Les résultats officiels du premier tour qui opposait neuf candidats ne seront pas connus avant plusieurs jours.
De premières tendances données par des medias et des analystes placent en tête l’ex-Premier ministre Carlos Gomes Junior, 62 ans (pouvoir), l’ex-président Kumba Yala, 59 ans (opposition), et le député Serifo Nhamadjo, 54 ans (indépendant, dissident du pouvoir).
Ils étaient, avec l’ex-président de transition Henrique Rosa (indépendant), 66 ans, donnés favoris pour la succession du président Sanha.

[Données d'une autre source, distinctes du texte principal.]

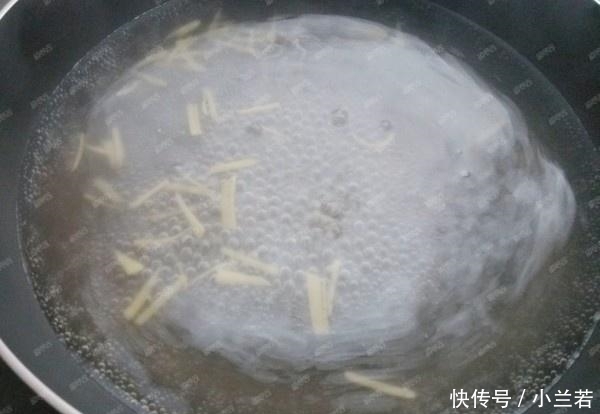 春天这海鲜“白菜价”,2元1斤,比鱼鲜嫩,比虾好吃,出锅后太香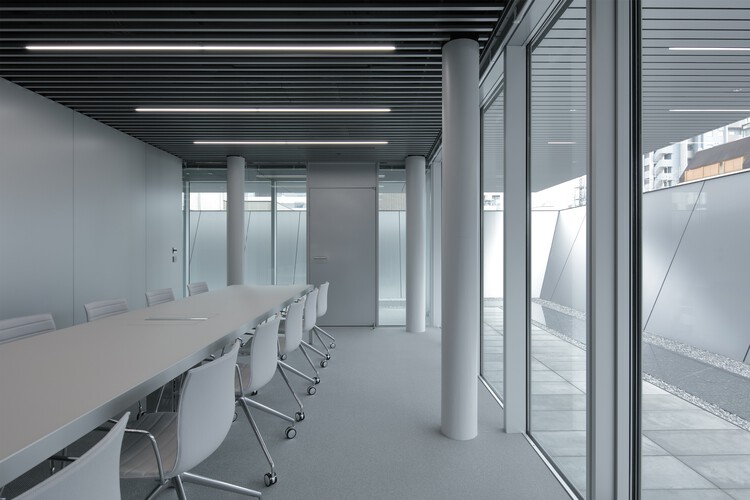 Офисное здание штаб-квартиры MONOSPINAL / Makoto Yamaguchi Design - Фотография интерьера, стул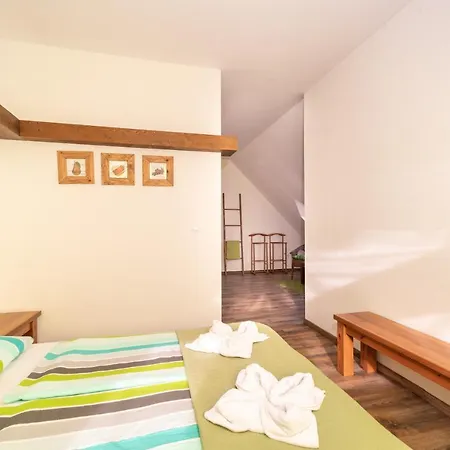 Juhar Apartmanhaz 4* Balatongyörök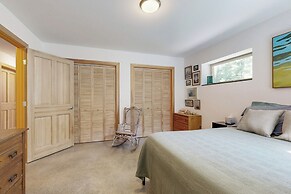 Secluded 2 BR Cottage w/ Private W/d, Wifi & Patio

En cas de probable second tour, qui se tiendrait le 22 ou le 29 avril d’après une source à la CNE, cela se jouera “entre Carlos Gomes Junior et Kumba Yala” et Serifo Nhamadjo “sera le faiseur de roi”, dit Rui Landim.
La communauté internationale ainsi que la Guinée-Bissau ont multiplié les appels à la tenue d’un scrutin calme et au respect des résultats de l’élection de dimanche, considérée comme un test important.